-- Data shown follows --
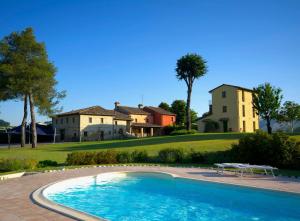 a large swimming pool in front of a house at Ca' Virginia Country House Wellness in Montecalvo in Foglia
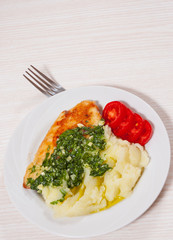 Roasted chicken breast with pesto sauce and mashed potatoes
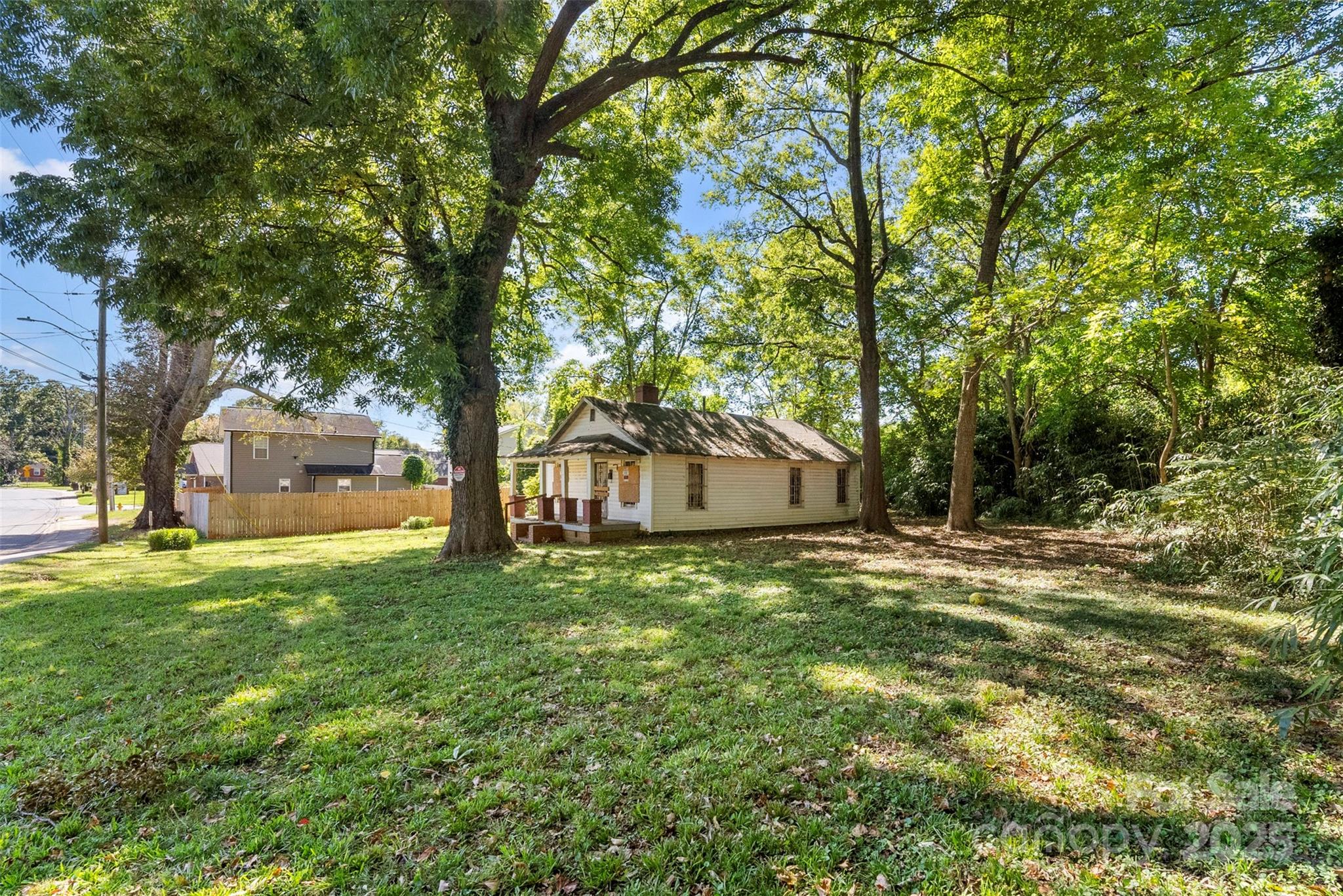 3444 Marvin Road Charlotte, NC 28211 - Photo 19 of 34 a house with trees in front of it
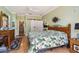 Serene bedroom with wood floors, a decorative comforter, and a barn door to the en-suite bathroom at 315 36Th Ne St, Bradenton, FL 34208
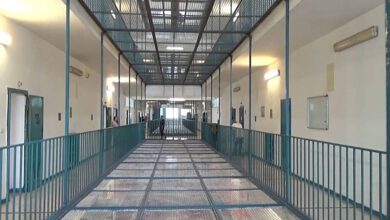 A imagem mostra um corredor de prisão com paredes brancas e um piso de metal. O corredor é cercado por grades metálicas e possui portas em ambos os lados. Há iluminação artificial nas paredes e uma grade no teto, permitindo a entrada de luz natural. O ambiente parece limpo e organizado, com um espaço amplo e sem pessoas visíveis.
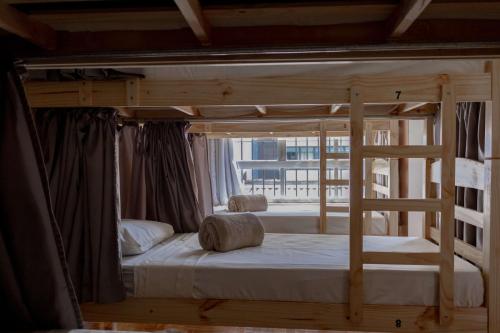 a wooden bunk bed in a room with a window at HOSTEL CUARTO in Sao Paulo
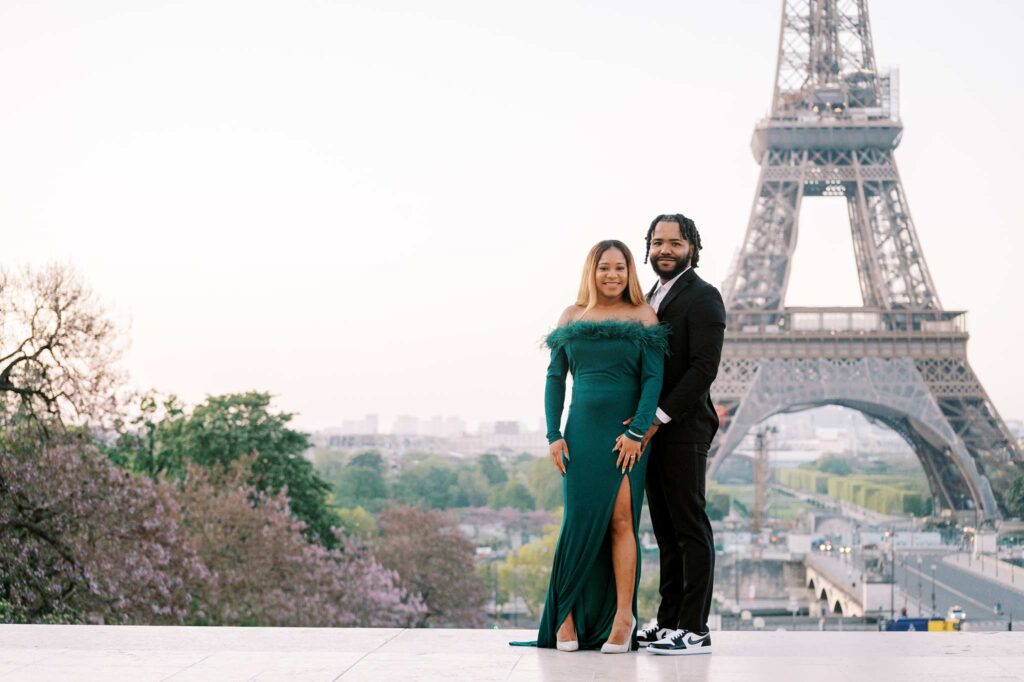 A chic couple dressed formally stands in front of the Eiffel Tower on a clear day, capturing their romantic engagement photoshoot. The woman wears a green gown, and the man is in a black suit with sneakers. Trees and the cityscape add to the enchanting Parisian backdrop.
-- Data shown concluded --
◆ Work order ◆
Please give back the data above word for word, with no pictures included.

◆ Answer ◆
 a large swimming pool in front of a house at Ca' Virginia Country House Wellness in Montecalvo in Foglia
 Roasted chicken breast with pesto sauce and mashed potatoes
 3444 Marvin Road Charlotte, NC 28211 - Photo 19 of 34 a house with trees in front of it
 Serene bedroom with wood floors, a decorative comforter, and a barn door to the en-suite bathroom at 315 36Th Ne St, Bradenton, FL 34208
 A imagem mostra um corredor de prisão com paredes brancas e um piso de metal. O corredor é cercado por grades metálicas e possui portas em ambos os lados. Há iluminação artificial nas paredes e uma grade no teto, permitindo a entrada de luz natural. O ambiente parece limpo e organizado, com um espaço amplo e sem pessoas visíveis.
 a wooden bunk bed in a room with a window at HOSTEL CUARTO in Sao Paulo
 A chic couple dressed formally stands in front of the Eiffel Tower on a clear day, capturing their romantic engagement photoshoot. The woman wears a green gown, and the man is in a black suit with sneakers. Trees and the cityscape add to the enchanting Parisian backdrop.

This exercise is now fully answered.